Картвелишвили мигом «схватил» идею и тут же предложил:
После лекции зайди, я помогу составить заявку на изобретение!
Подобный опыт у меня уже был с «остановом» и заявку мы составили быстро.
Пару слов о Юрии Лаврентьевиче Картвелишвили. Это сын знаменитого Лаврентьева — Лаврентия Картвелишвили — советского «хозяина» Дальнего Востока 20-х годов, конечно же, репрессированого. Несмотря на это, Юрий Лаврентьевич уважал Сталина и ненавидел Хрущева. Как здесь не вспомнить эпизод, когда Хрущев спросил писателя Шолохова: «Неужели вы не признаете, что был культ личности?» На что великий писатель ответил: «Была Личность, был и ее культ!» — Хрущев понял, что он сам не личность, и обиделся.
Но, несмотря на помощь сына такого великого человека и талантливого ученого, на заявку пришел отказ — дескать, головной институт «ВНИИСтройдормаш» не считает предложение полезным.
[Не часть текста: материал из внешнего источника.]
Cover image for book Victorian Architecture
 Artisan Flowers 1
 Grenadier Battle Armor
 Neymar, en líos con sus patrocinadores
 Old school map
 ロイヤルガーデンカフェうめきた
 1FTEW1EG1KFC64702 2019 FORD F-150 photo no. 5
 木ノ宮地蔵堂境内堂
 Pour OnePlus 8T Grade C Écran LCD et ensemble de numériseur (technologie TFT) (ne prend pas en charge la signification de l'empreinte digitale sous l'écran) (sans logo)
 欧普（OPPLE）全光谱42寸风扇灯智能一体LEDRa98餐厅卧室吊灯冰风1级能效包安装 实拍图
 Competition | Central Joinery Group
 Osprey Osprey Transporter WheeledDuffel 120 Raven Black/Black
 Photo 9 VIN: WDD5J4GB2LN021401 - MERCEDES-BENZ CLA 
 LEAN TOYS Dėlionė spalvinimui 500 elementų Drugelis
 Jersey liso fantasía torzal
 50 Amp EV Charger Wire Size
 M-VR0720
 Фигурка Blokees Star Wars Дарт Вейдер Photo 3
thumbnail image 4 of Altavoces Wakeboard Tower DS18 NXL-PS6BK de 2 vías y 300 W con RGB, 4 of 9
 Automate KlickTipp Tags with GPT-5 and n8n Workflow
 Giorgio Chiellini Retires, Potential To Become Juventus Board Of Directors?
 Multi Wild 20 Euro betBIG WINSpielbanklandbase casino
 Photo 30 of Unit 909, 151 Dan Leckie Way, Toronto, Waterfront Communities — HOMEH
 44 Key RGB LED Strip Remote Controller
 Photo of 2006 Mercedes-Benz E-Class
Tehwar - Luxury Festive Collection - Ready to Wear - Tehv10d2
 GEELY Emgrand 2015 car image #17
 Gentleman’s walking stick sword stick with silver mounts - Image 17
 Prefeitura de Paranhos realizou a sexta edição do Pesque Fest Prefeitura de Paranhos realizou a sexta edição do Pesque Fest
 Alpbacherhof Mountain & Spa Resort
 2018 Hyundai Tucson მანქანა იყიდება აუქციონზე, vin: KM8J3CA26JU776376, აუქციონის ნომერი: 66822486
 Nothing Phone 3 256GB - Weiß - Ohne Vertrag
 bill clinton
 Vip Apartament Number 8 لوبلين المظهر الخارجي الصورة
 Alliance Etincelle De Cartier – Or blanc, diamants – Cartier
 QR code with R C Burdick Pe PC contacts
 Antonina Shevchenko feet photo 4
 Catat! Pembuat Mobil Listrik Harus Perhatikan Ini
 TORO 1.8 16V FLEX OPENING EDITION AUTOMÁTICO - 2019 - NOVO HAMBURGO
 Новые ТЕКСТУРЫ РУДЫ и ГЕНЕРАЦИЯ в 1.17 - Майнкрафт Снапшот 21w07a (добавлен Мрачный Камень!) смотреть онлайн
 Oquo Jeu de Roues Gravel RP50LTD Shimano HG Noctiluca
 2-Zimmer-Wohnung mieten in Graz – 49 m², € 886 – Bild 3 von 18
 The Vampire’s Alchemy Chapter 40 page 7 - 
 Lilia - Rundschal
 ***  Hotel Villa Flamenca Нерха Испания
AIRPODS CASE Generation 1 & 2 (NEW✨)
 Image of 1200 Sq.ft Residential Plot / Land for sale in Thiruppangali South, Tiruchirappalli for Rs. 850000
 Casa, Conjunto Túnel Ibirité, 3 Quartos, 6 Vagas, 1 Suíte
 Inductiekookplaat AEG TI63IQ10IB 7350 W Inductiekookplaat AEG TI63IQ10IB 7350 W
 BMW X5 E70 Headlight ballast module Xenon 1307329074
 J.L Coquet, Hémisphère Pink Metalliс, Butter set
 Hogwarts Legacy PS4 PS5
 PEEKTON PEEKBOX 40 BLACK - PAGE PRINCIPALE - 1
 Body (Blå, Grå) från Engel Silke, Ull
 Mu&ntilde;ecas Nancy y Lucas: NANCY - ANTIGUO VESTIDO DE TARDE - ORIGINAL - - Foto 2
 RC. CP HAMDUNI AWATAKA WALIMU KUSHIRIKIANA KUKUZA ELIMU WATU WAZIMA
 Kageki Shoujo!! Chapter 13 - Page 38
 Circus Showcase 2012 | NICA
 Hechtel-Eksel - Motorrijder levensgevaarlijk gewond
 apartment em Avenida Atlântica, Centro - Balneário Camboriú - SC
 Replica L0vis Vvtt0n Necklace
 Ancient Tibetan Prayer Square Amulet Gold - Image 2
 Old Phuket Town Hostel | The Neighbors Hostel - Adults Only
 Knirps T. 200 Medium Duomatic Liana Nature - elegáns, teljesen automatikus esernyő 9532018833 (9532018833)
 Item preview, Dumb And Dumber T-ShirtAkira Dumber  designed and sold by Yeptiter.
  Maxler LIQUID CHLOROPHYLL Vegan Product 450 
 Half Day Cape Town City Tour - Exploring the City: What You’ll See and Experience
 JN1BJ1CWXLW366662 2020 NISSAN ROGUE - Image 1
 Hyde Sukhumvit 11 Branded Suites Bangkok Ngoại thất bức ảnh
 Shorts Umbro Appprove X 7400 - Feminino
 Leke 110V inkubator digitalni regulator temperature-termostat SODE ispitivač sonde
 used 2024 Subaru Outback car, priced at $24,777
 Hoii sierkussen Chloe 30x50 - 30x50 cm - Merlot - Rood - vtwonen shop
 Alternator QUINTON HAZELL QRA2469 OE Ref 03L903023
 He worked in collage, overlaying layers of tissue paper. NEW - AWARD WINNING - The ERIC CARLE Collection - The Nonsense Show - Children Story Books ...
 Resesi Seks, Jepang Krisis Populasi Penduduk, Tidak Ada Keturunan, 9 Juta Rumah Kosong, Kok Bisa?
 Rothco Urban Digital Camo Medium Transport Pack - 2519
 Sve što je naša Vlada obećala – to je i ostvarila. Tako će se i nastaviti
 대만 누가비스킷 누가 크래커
Иногда надо людям отказывать! Я сейчас не представляю себе свою жизнь, если бы не этот отказ. Он помог мне приобрести друзей на всю жизнь. В том же «ВНИИСтройдормаше», других институтах, общежитиях. Он помог мне поступить в аспирантуру, он дал мне ярости бороться с противниками. Даже любимых женщин на долгие годы, помог мне найти этот отказ. И то, что я сейчас живу и работаю в Москве — этим тоже я обязан этому отказу!
Люди, не бойтесь получать отказ! Если, конечно, это не отказ в помиловании от смертной казни!